I like the way the classes are forming up for BYU and Utah. Hopefully there are no surprises for anyone (meaning that someone who verbally committed months ago changes his mind). The major player left uncommitted in these parts is defensive lineman Ricky Heimuli. He's listed Utah as one of his finalists.

Anyone follow this stuff? I do, but I try not to let a 17-year-old's decision affect my mood.


----------



## proutdoors (Sep 24, 2007)

BYU is on the verge of signing their 'best' class ever. I am hopeful it works out somewhat close to what the kids have said and what the experts think these kids will do on the field.


----------



## bowhunter3 (Oct 18, 2007)

I don't pay much attention to it, it means nothing. Notre Dame has had one of the so called best classes for a while and they have done nothing. It really is just a guessing game. How high was Alex Smith listed, how about Dennis Pita, Steve Smith, Eric Weddle what happened to Walsh who was supposed to be the best QB in the country when he signed for BYU then went to UCLA after his mission, he was so bad. It means nothing.


----------



## HighLakesDrifter (Sep 13, 2007)

BH3, I agree. Coaches find kids who they think will fit in their system and mold them into great players. NFL rosters are full of two-star kids, and many four- and five-stars don't pan out. But it is nice to land a big one once in a while.


----------



## Guest (Feb 3, 2010)

bowhunter3 said:


> I don't pay much attention to it, it means nothing.
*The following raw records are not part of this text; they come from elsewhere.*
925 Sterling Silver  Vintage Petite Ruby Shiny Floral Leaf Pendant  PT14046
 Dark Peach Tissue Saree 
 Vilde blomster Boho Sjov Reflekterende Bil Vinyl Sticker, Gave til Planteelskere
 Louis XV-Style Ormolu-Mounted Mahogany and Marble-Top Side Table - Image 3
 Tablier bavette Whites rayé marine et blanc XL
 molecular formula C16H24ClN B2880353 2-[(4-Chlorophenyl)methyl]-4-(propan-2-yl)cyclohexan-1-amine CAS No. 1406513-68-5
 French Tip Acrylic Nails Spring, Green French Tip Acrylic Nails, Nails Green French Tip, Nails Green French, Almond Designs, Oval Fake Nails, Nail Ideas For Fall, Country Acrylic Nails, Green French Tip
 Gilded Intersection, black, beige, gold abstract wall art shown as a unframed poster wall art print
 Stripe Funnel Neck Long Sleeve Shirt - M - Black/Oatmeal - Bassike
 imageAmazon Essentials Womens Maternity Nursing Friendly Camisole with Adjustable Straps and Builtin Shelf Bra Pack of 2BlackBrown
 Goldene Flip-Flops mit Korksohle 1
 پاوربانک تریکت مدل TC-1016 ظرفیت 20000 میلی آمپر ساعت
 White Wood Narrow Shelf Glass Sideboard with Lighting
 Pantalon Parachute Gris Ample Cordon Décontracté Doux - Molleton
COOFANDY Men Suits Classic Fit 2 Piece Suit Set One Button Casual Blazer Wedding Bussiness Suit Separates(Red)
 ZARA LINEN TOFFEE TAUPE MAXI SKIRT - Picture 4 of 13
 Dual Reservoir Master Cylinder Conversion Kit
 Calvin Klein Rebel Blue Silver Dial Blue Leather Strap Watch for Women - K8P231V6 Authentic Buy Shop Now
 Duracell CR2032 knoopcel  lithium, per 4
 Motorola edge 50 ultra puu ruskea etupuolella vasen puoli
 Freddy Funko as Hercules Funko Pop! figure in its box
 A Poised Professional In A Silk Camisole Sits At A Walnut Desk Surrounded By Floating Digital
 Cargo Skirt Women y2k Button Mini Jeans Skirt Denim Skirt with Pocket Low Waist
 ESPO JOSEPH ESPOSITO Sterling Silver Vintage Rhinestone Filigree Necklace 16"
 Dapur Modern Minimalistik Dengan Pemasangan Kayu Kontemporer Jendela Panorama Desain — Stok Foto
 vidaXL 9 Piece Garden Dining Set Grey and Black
While it is true that recruiting is not an exact science, anyone who really thinks that it "means nothing" does not know much about Division 1 football. There is a good reason why coaches spend so much time and money on recruiting. The programs that do it best are consistently the best teams in the country, while those that struggle to recruit good talent are consistently among the worst. You cite some of the relatively few examples where a highly recruited kid turned out to be a bust at the college level, or an overlooked kid turned out to be a great player, but these examples are exceptional. The majority of the most talented players at the D1 level are 3 star or better recruits.


----------



## bowhunter3 (Oct 18, 2007)

I know plenty about d 1 football, of course recruiting is very important, but I am saying that you dont know that a 5 star kid will be better than a 3 star kid. You have no clue. I have plenty more examples but that would be a long list. Teams like Utah and TCU build there programs on speed and athletes and mold them into players. Hell whats his name from tcu was a running back in college and they turned him into one of the best DE I have seen in college for a long time. BYU also gets a lot out of there so called sub par talent, how high was one of my favorite players of all time ranked, that being TY Detmer. I am just saying the so called best signing classes mean nothing. It is a guessing game, and you have to RECRUIT the right players to make your team good.


----------



## Guest (Feb 3, 2010)

I don't disagree with anything you say except the part where you say "it means nothing". If that were true then coaches wouldn't spend the entire off-season on the road and away from their families recruiting. They would just have try-outs. You can cite all the examples you want, and I know there are lots of exceptions, but the fact remains that the upper echelon of D1 football leans heavily towards the schools that recruit the best talent. The 85 scholarship limit imposed by NCAA has helped to level the playing field a great deal, but it has not eliminated the need to recruit the best talent you can in order to have a successful program. It is true that Utah and TCU use a different strategy in their recruiting, and it has been very successful for them, but you are naive if you think that the coaches at those programs don't want to get 4/5 star recruits. They want them badly, they just know that they can't always compete with the bigger BCS programs, so they specialize in looking for athletes that were overlooked. BYU's strategy is slightly different in that they recruit mostly from a very specific demographic of LDS athletes, so they have a smaller pool of talent to choose from, but they also have an advantage over other schools due to their LDS affiliation. Still, even with this advantage they lose a lot of recruiting battles to bigger name schools like USC and Notre Dame, but Bronco has been very successful the last few years at winning some of those recruiting battles, and time will tell if it translates into more wins on the field.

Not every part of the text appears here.